Como si una fuerza magnética les hubiese impulsado a todos, se dirigieron a ese bonito quiosco, ya desaparecido, y lo rodearon.
Hecho de obra, formaba una figura geométrica. La entrada la tenía mirando al Rastro. El frente era por donde se expedían los muchos artículos, además de la prensa, y daba frente a la Mezquita, ese famoso bar que había en los portalillos y que llegaba hasta la calle Don Juan. Sus laterales eran dos ventanas para dar luz, que siempre estaban tapadas por el sinfín de tebeos y chucherías que pendían colgadas. Como era ochavado, en esos lugares, a diario, colgaba cuatro vitrinas de cristal que me deleitaba leyendo y viendo sus novelas y cuentos. Más de una vez he comprado un parche para el balón o la cámara de la bicicleta. Después, cuando el tabaco lo racionaron, abrieron la ventana de la derecha y por ahí expedía el tabaco y todos los artículos relacionados con ese funesto vicio. Yo, aunque no fumaba, ni fumo, la cartilla me la hice en ese estanco y Gabriel La Torre ‑“Perico Huevos”‑ me reservaba una ración como a todos sus clientes, pues para eso y todo lo demás era legal y buen hombre, aunque a veces tenía algunas rarezas como esta: si llegabas a comprar un periódico, tenía que ser por la ventana del frente; y si querías papel de fumar o cerillas, era por la lateral. Él mismo servía por las dos y el dinero de la ventana central iba a un departamento y el de la otra iba a otro departamento aparte. Por ese modo de proceder tuvo algunos disgustillos.
Cuando la Segunda Guerra Mundial y en España había una rigurosa censura, en el quiosco vendía el periódico España de Tánger y se leían artículos y noticias que la prensa nacional no publicaba. Mi padre se abonó a él y, semanalmente, nos lo reservaba previo abono por adelantado.
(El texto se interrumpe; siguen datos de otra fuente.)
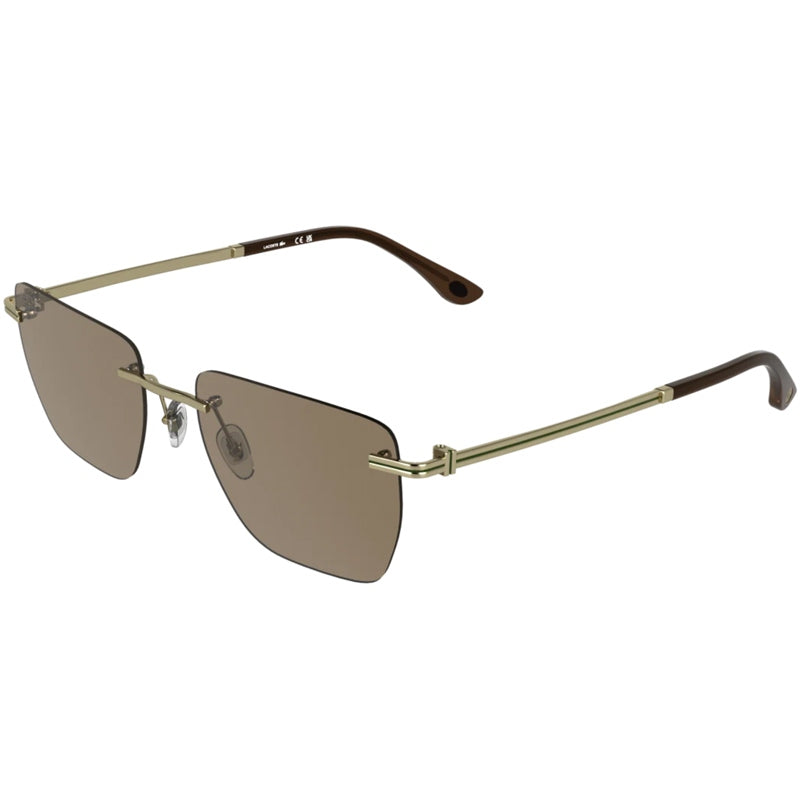 Occhiale da Sole Lacoste, Modello: L282S Colore: 713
En ese momento, y dado lo cerca que estaba “La Casilla” del quiosco, se vio rodeado de una muchedumbre agresiva y vociferante. La puerta estaba cerrada. Por la ventana, varios de los que componían el cortejo, con groseros ademanes y voces amenazantes le exigían que abriera la puerta; al mismo tiempo, el del hacha dio varios golpes con el mango. La puerta se abrió de momento y apareció Gabriel, blanco como la cera. El gris claro de su mandilón se agudizaba más, contrastando con sus manos y faz. No podía articular palabra. Uno del grupo, dirigiéndose a él exclamó:
—Éste es otro de ellos; es un fascista; tiene que tener armas.
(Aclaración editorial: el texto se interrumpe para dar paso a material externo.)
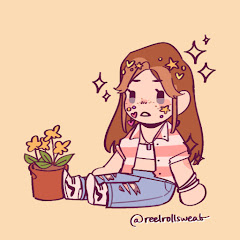 Cozy Kay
Él, metiéndose mano en el bolsillo derecho de su mandilón, sacó unas pequeñas tijeras sin punta y elevando su mano las enseñó al grupo mientras con voz entrecortada decía:
—¡Ésta es el arma que yo tengo!
Uno de ellos le dio un empellón mientras decía:
—Vamos a llevarlo con los otros.
En un instante, recorrieron los pocos metros que le separan de “La Casilla” y el pobre Gabriel se encaminó escaleras arriba a unirse con el grupo de desafortunados que estaban cautivos. Gabriel corrió mejor suerte.